The picture that emerges for Panjim city is a city that operates to service the automobile and the classes that can access the automobile. This does not augur well either for the aesthetics of our city, nor for the safety of the denizens of the city. The city would be much better served if the city catered to all segments of the citizenry, catering to them via street-side stalls, central markets and up-market stores. The city would be a much safer place if it were made pedestrian (and disabled person) friendly. The city would be much safer if it encouraged a street-life that ensures a public eye on the streets at almost all times of the day. This public eye is generated through the provision for street-cafes and pedestrian zones. The city would be much healthier if it created a movement-network that encouraged walking, cycling in association with reliable and (disabled) people-friendly public transport, rather than catering to the all(oil)-consuming, pollutant-spewing private automobile.


There is a certain refusal to share that marks our times. In this case a refusal to share public space with the economically and socially marginal. What is unfolding in Panjim is a part of this process. We would all be better served if we stood up in defence of the rights of street-side stalls to discreetly place themselves on our streets.
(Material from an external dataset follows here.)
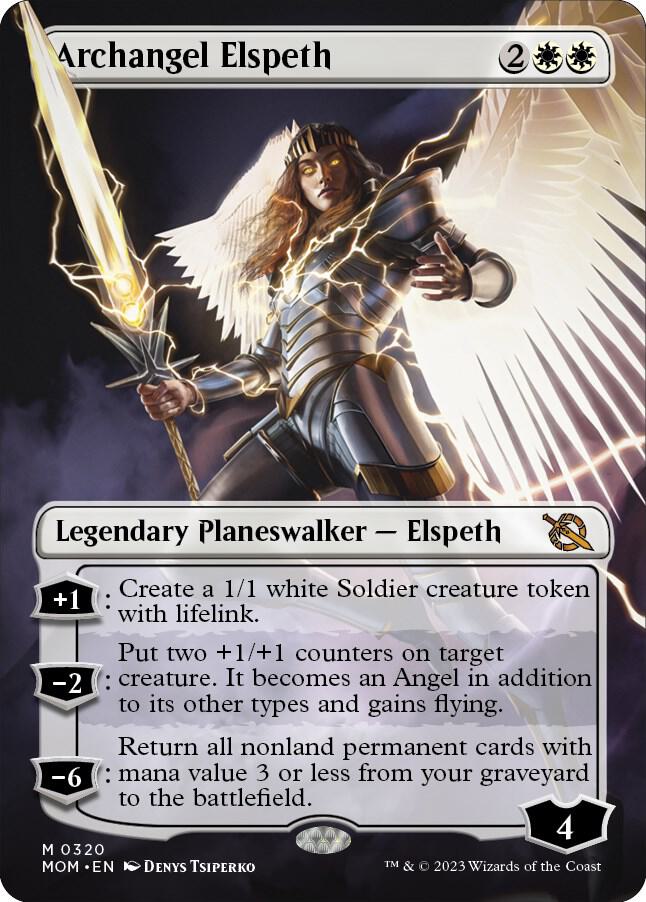 Archangel Elspeth (Borderless) card image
We would be better served if we stood up and demanded that our side-walks be made secure for pedestrians, that segments of roads be marked out for cyclists and for public transport that has right of way. In so many ways Goa is lucky to still have these options before us. If we don’t seize these options now, we will wind up making our cities and towns unsafe and impersonal spaces, full of smog-belching vehicles in grid-lock.



(Published in the Gomantak Times 18th Feb 2009)

3 comments:

Anonymous said...

i dont think its so much the culture of sharing as much as it is the culture of rule breaking that leads to the apathetic mess you describe. Encroaching space - whether its breaking a red light, or parking on the sidewalk etc. etc. is a root cause of latent road rage in our cities. Everytime you cut a red light, you are a scamster, rule breaker and a fraud - much like mr. raju. Everytime you bully your way through, expecting everyone else to follow the rules while you non chalantly break them - leads to the actual experience we all feel on our roads. Its not just a class conspiracy. All rule breakers, regardless of class, are guilty!

Anonymous said...

Hi Jason,

My first comment on your blog. I think your posts and articles are excellent. You have the gift of writing succinctly what the rest of us feel.
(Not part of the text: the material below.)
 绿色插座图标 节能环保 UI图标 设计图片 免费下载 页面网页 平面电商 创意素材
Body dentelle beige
I particularly agree with this one, as it is one close to my heart. Chryselle feels strongly about this too.

I'll send you a fecebook message to discuss this further.

All the best, & keep writing your mind,

Luis

Anonymous said...

No one who drives a car ever thinks of themselves as an encroacher, when in fact they take up an often unjustifiable amount of space on roads, pavements and public places. The issue is not about what is legal and illegal - and there is no point getting stuck into that (as in roy's comment). And as for road rage... do you really care about that? Enraged motorists may eventually discover it is more peaceful to leave their cars at home! :)
On a more positive note, you know Nanded town in Maharashtra are re-making their highway-style roads into wide pavements (with open places for stalls), trees, lanes for non-motorised vehicles etc - leaving much narrower roads for cars to make slow and orderly process. Similarly Mysore - where apparently the city have decided they don't want to spoil their city with flyovers.